In step S240, location information of edges having corresponding first data values can be respectively determined from the plurality of first index blocks, to obtain a plurality of groups of edge location information, an intersection set of the plurality of groups of edge location information is selected, to obtain a location information intersection set, and the edge to be queried is obtained from the storage based on the location information intersection set. For example, edge location information (location information 1) having the timestamp of 8:00 to 10:00 can be determined from edge location information included in a timestamp index block, edge location information (location information 2) having the edge type of transfer can be determined from edge location information included in an edge type index block, and an intersection set of location information 1 and location information 2 can be selected. The obtained location information intersection set satisfies the two filter conditions. As such, unnecessary edge data may not be obtained, and a relatively small quantity of pieces of edge data can be read from the storage.
The plurality of index blocks can be independently stored in a form of a column, and can be respectively read. To improve reading efficiency, the location information of the edges having the corresponding first data values can be respectively determined from the one or more first index blocks through asynchronous query. In other words, for the plurality of first index blocks, a reading operation is concurrently performed by using a plurality of threads, so that processing efficiency is improved.
When data of the relation network are stored, a part of data are further stored in the volatile storage. For example, a part of data (newly added or updated data) can be first written into a memory layer, and then merged into a file layer of the disk when a specific condition is satisfied. Therefore, when edges satisfying the filter condition and using the first node as starting nodes need to be searched for, the memory can be searched for all edges using the first node as starting nodes, edges satisfying the filter condition are selected from these edges, and the edge to be queried can be obtained based on these edges and the edge corresponding to the location information of the edge obtained in step S240.

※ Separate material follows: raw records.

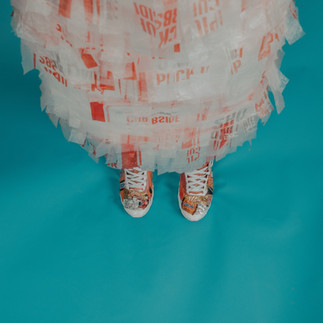 a dress made out of plastic bags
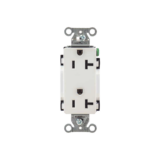 Contacto Duplex Decorador 20 A 125V / 2 Polos 3 Hilos/ Nema 5-20 R / Color Blanco.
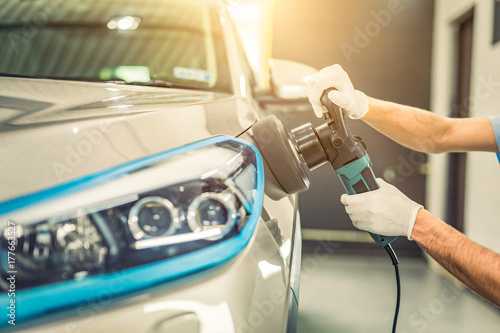 Car detailing concept. Auto cleaning and polish.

FIG. 4 is a schematic diagram illustrating a storage structure of a node and an edge. Data of nodes and edges in the memory layer can be stored based on the example in FIG. 4 . A column on the left is used to store node data, and a column on the right is edges associated with the node. A node can be stored based on a hash value of a node ID, so that the node can be quickly identified. Edges of a same node can be written into a linked list. In FIG. 4 , edges using node n1 as starting nodes include e1-2, e1-5, e1-3, e1-4, etc., and edges using node n2 as starting nodes include e2-7, e2-5, e2-15, e2-1, etc. Because there are fewer data in the memory layer, data of all edges using the first node as starting nodes can be directly read, and operations such as decryption and decryption can be performed on the data of the edges to filter out a target edge.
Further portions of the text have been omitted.